Venezuelan Flan (Quesillo)
Ingredients
Method
- Melt the extra sugar in a dry pan over medium heat until deep golden amber. Quickly pour into your baking dish, tilting to coat the bottom. Let it cool and harden.
- Add the eggs, milk, powdered milk, sugar, condensed milk, salt, and vanilla to a blender. Blend until completely smooth and frothy.

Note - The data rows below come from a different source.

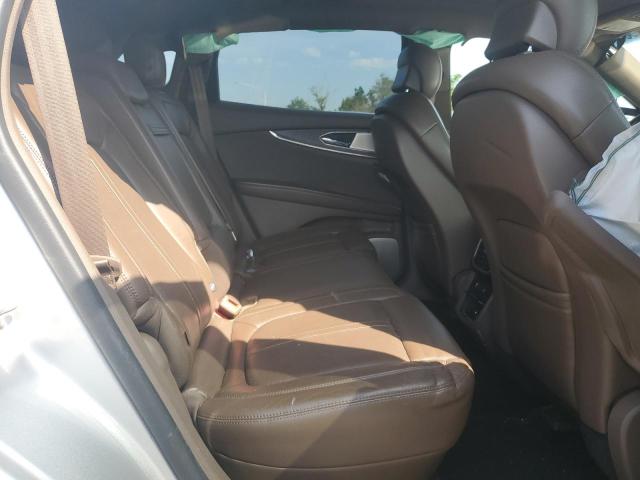 2LMTJ8LP4GBL41234 - 2016 LINCOLN MKX RESERVE SILVER photo 11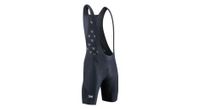 culotte corto con tirantes x bionic corefusion compression negro hombre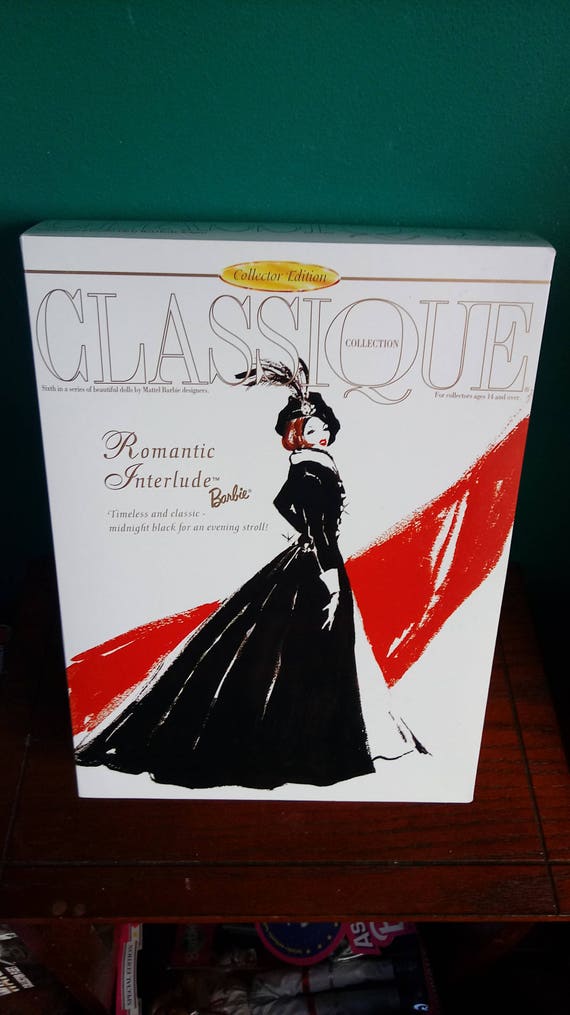 classique romantic interlude barbie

- Pour the custard through a fine sieve directly over the set caramel for an extra-silky texture.
- Place the dish inside a larger pan filled with hot water (water bath). Bake at 320°F (160°C) for 1 hour, until set with a slight jiggle in the center.
- Let the flan cool completely, then refrigerate at least 5 hours (overnight is best).
- Run a knife around the edges, place a plate on top, and flip. Slice and serve chilled.